Memory Buffering on Switches

Memory Buffering Methods

  1. Port-based memory:
    • Frames are stored in queues that are linked to specific incoming and outgoing ports.
    • A frame is transmitted to the outgoing port only when all the frames ahead in the queue have been successfully transmitted.
    • It is possible for a single frame to delay the transmission of all the frames in memory because of a busy destination port.
    • This delay occurs even if the other frames could be transmitted to open destination ports.
  2. Shared memory:
    • Deposits all frames into a common memory buffer shared by all switch ports and the amount of buffer memory required by a port is dynamically allocated.
    • The frames in the buffer are dynamically linked to the destination port enabling a packet to be received on one port and then transmitted on another port, without moving it to a different queue.

Duplex and Speed Settings

There are two types of duplex settings used for communications on an Ethernet network:

It is critical that the duplex and bandwidth(speed) settings match between the switch port and the connected devices, such as a computer or another switch.

Autonegotiation: is an optional function found on most Ethernet switches and NICs. It enables two devices to automatically negotiate the best speed and duplex capabilities. Full-duplex is chosen if both devices have the capability along with their highest common bandwidth.

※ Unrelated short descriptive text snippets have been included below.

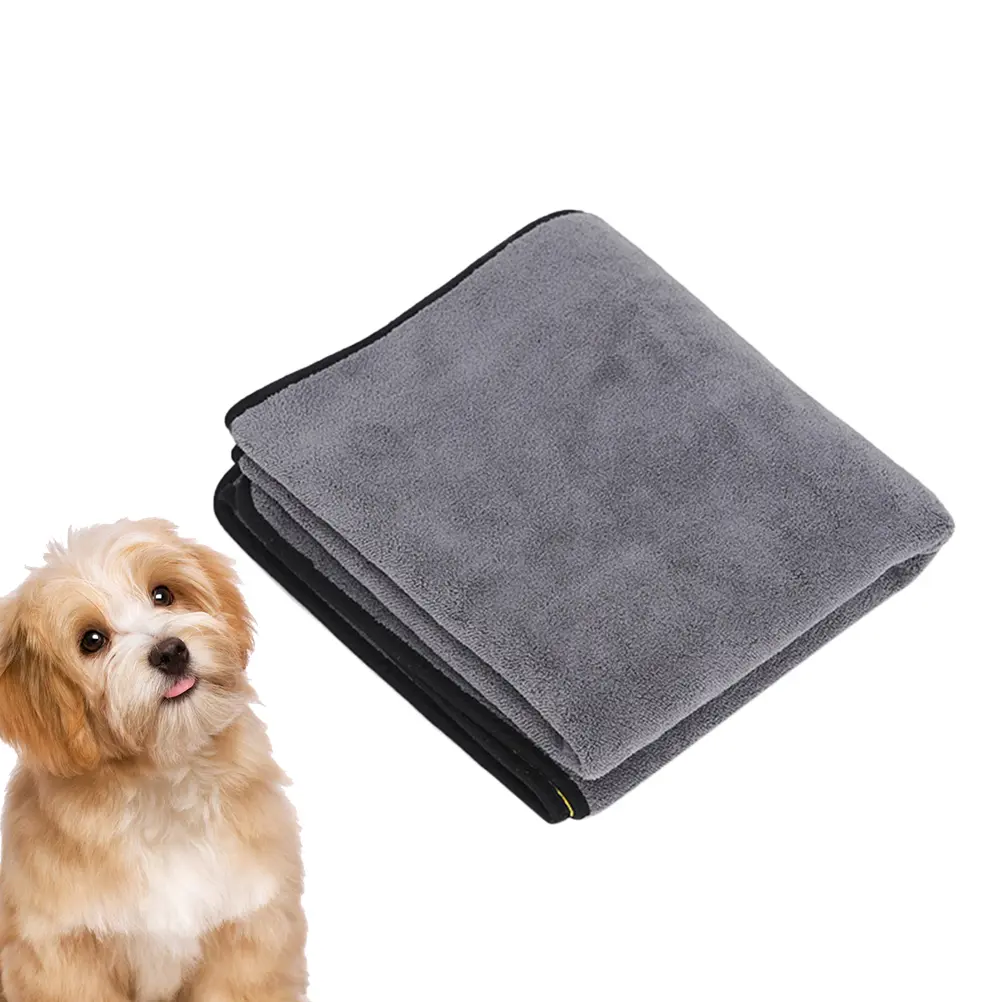 Pet Bath Towel Quick drying Blanket for Dogs Cats Water Absorbent Puppy Towel Daily Necessities Dog Grooming Portable Travel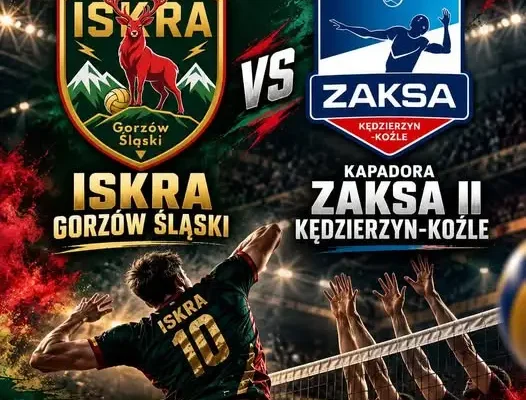 Iskra Gorzów Śląski zaprasza na mecz siatkówki w sobotę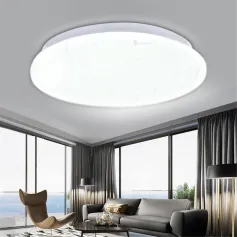 Bakeey 15W 20W 30W 220V Modern Simple Ceiling LED Lamp Ultra Thin Round Light For Smart Home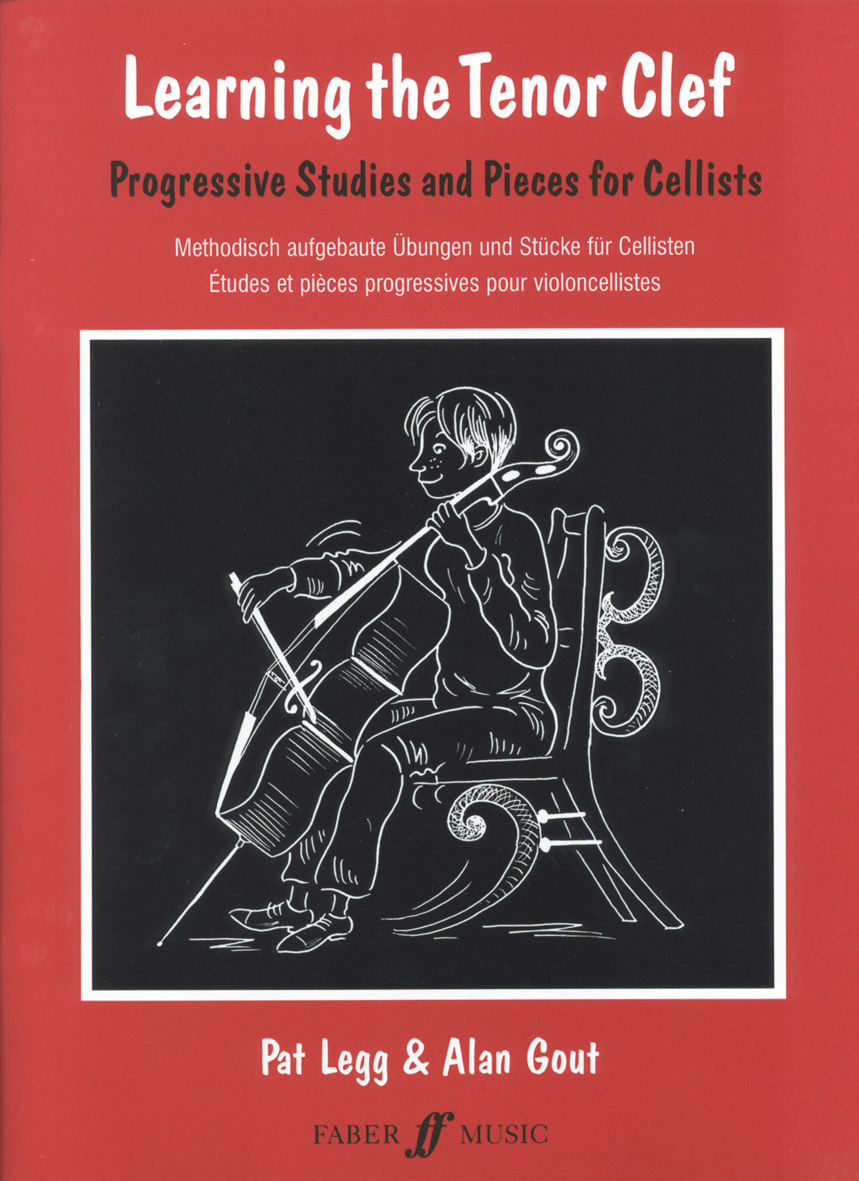P. Legg: Learning The Tenor Clef: Cello: Instrumental Tutor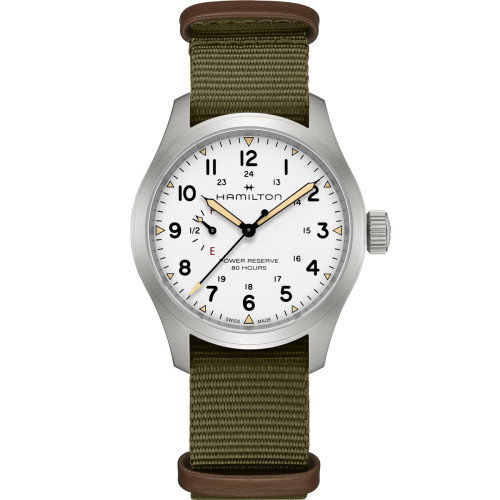 Luxoia - Hamilton Khaki Field Mechanical Power Reserve (40 mm) - H69509910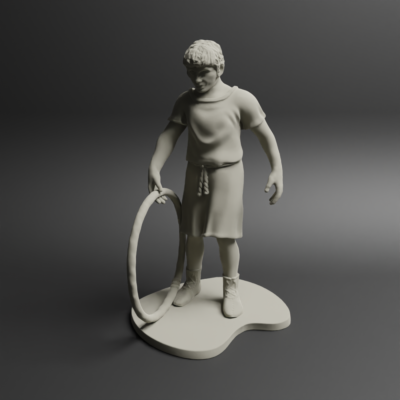 Roman citizen child hoop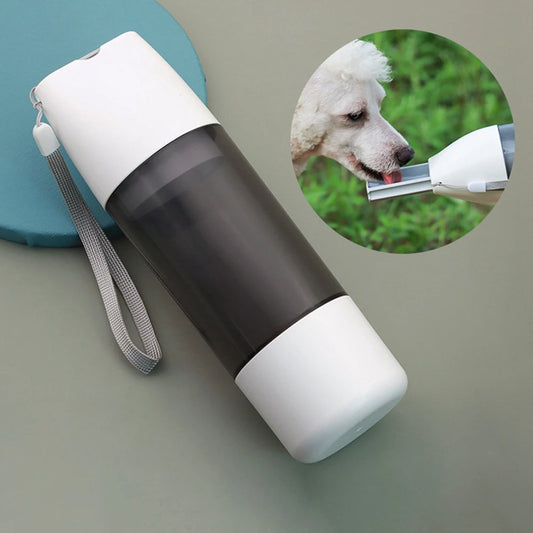 350ml Portable Pet Dog Water Bottle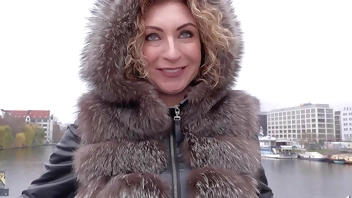 GERMAN SCOUT - Mature Ukrainian Julia picked up in Berlin and fucked dirty during the casting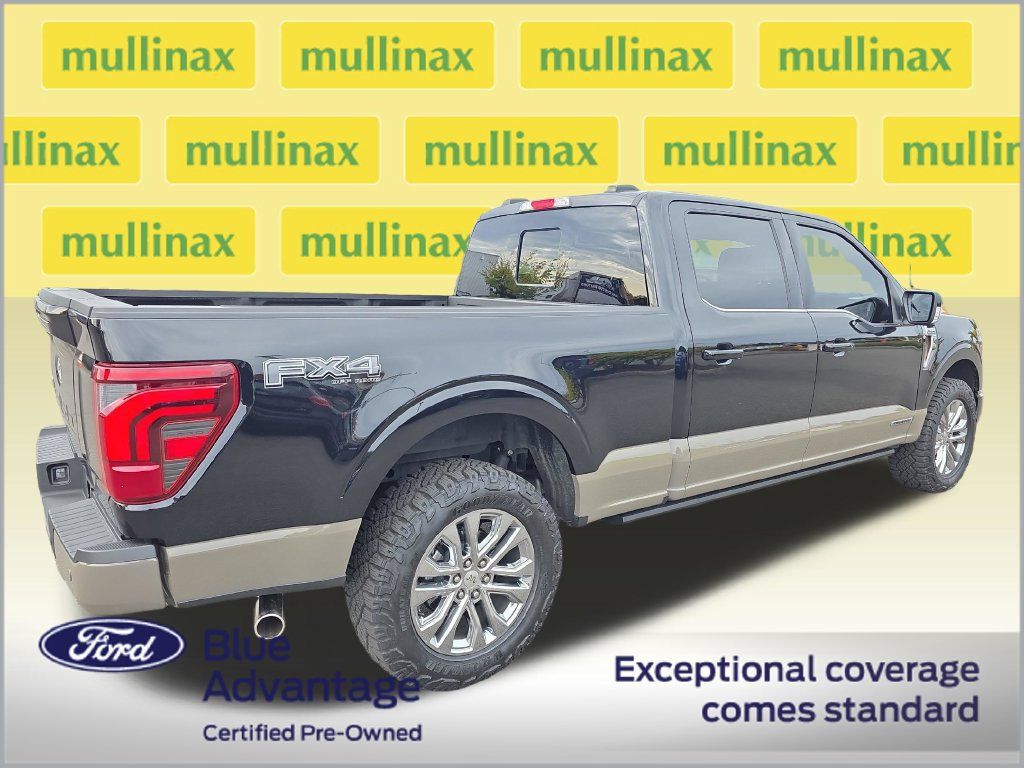 Used 2025 Ford F150 King Ranch w/ FX4 Off-Road Package AWD/4WD image 3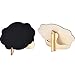 SATINIOR 20 Sets Mini Chalkboard Signs Small Blackboard with Wooden Frame Easel for Kids Craft and Party Wedding Event Table Decor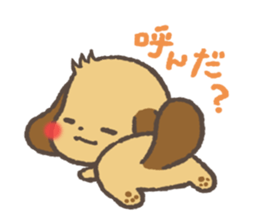 languid-Dachshund sticker #4720061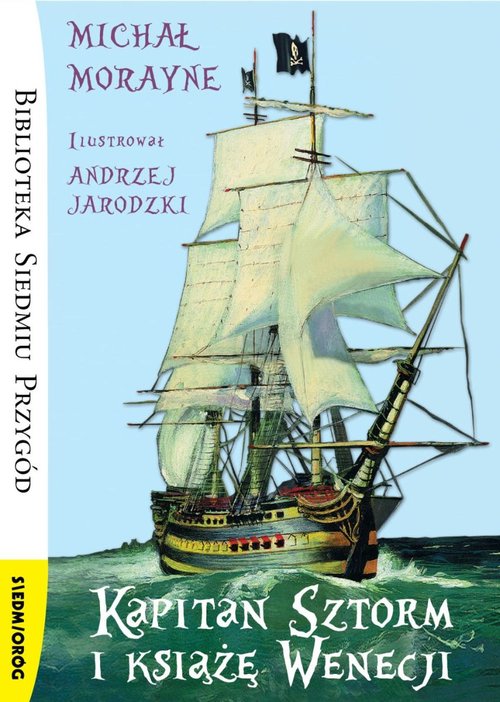 Image of Kapitan Sztorm i książę Wenecji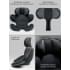 Детское удерживающее устройство Amarobaby Defender, i-Size, 40-150 см, серый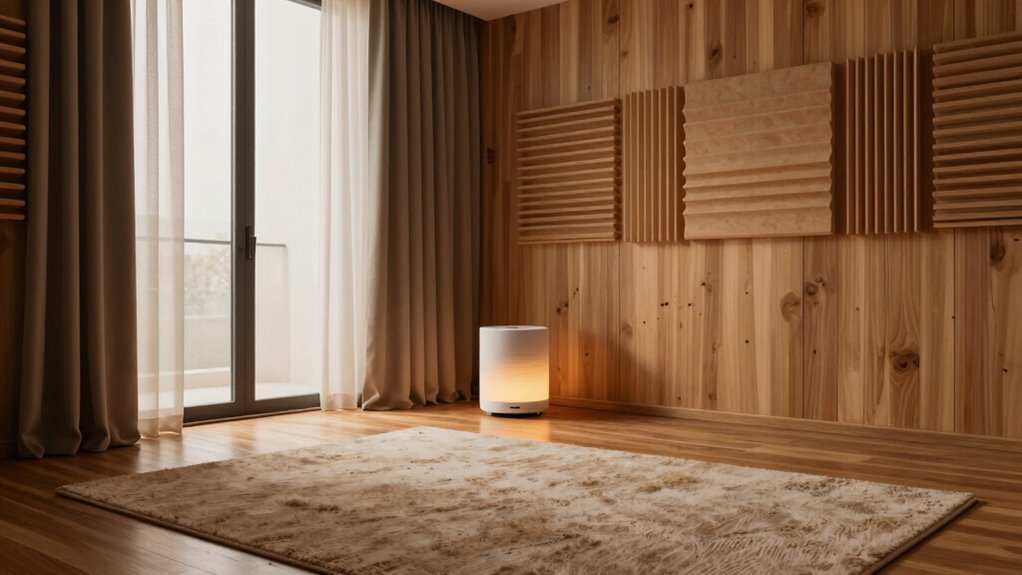 optimize room acoustic environment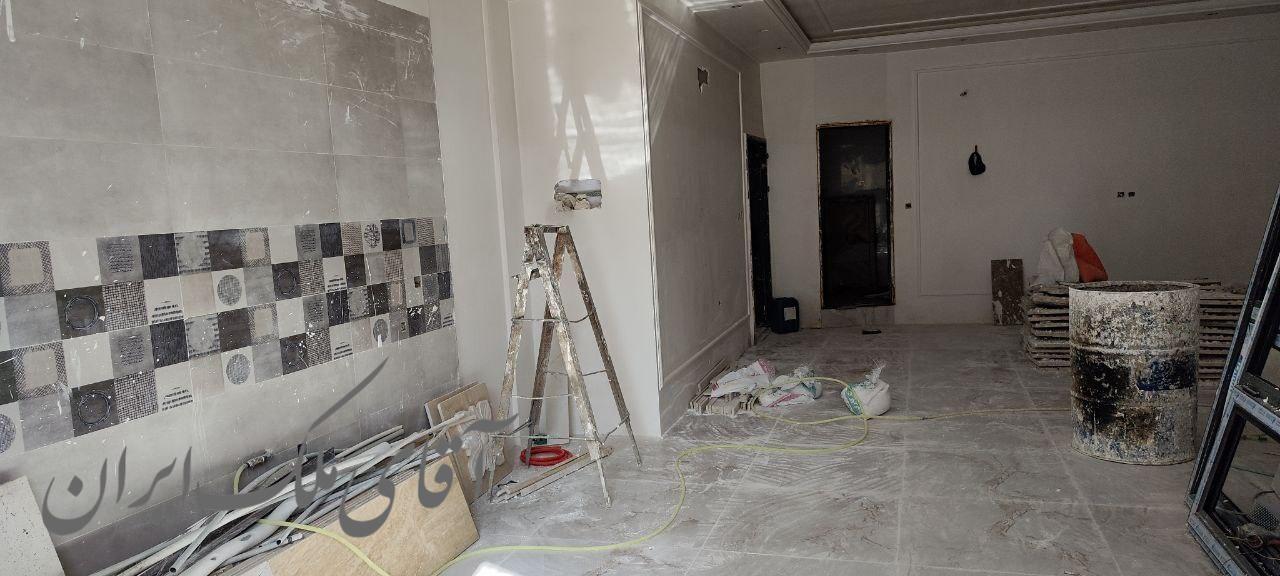 فروش آپارتمان ۹۵ متری ۲ خوابه همکف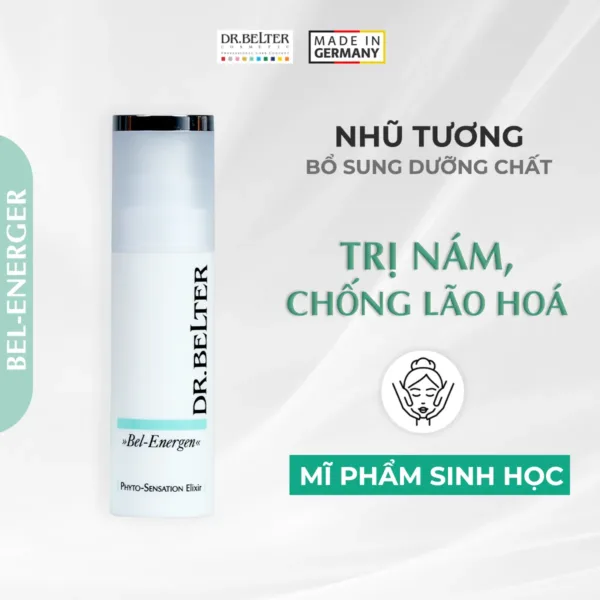Serum thuần chay Dr.Belter 761 Phyto sensation Elixir 30ml. 6 761 Phyto Sensation Elixir png
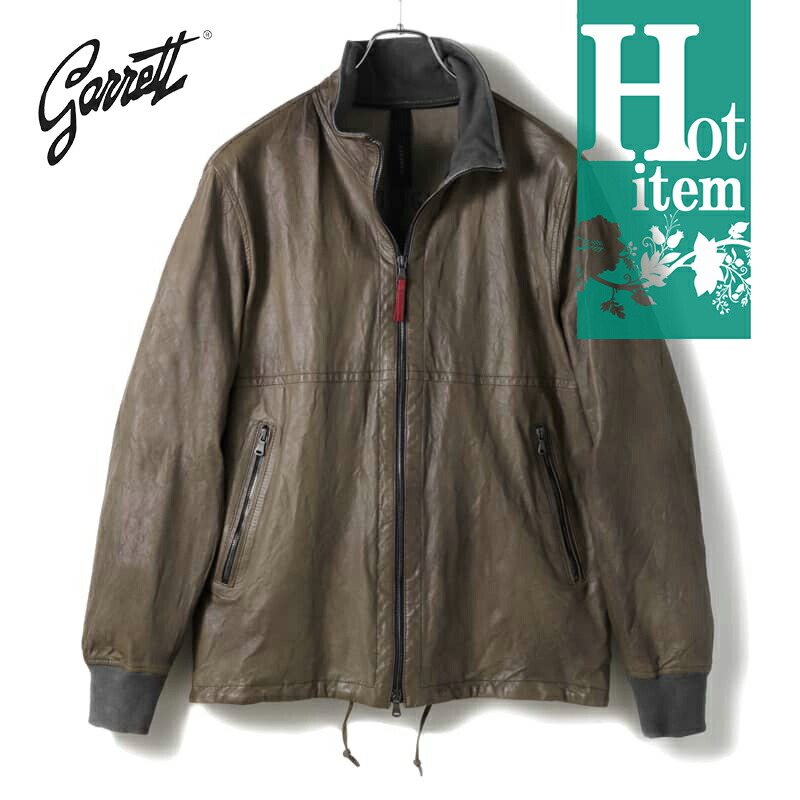 楽天市場】GARRETT / ギャレット｜ラムナッパレザーシングル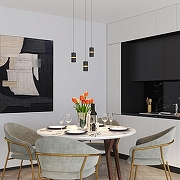 Подвесной светильник Novotech ARISTO 359340 цвет плафона/подвески Черный, цвет арматуры Черный-5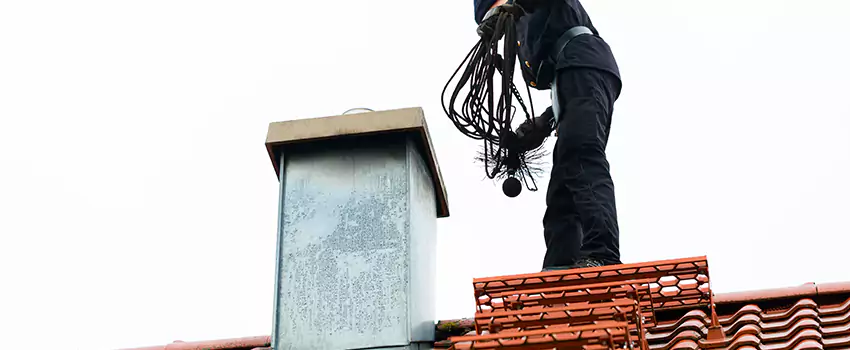 Chimney Brush Cleaning in Cudahy, California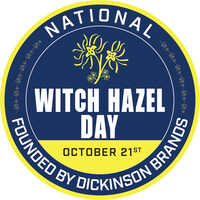 National witch hazel day logo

Duplex mismatch: It occurs when one port on the link operates at half-duplex while the other port operates at full-duplex

Auto-MDIX

A crossover cable is used when connecting like devices, and a straight-through cable is used for connecting unlike devices.

Most switch devices now support the automatic medium-dependent interface crossover (auto-MDIX) feature. When enabled, the switch automatically detects the type of cable attached to the port and configures the interfaces accordingly. Therefore, you can use either a crossover or a straight-through cable for connections to a copper 10/100/1000 port on the switch, regardless of the type of device on the other end of the connection.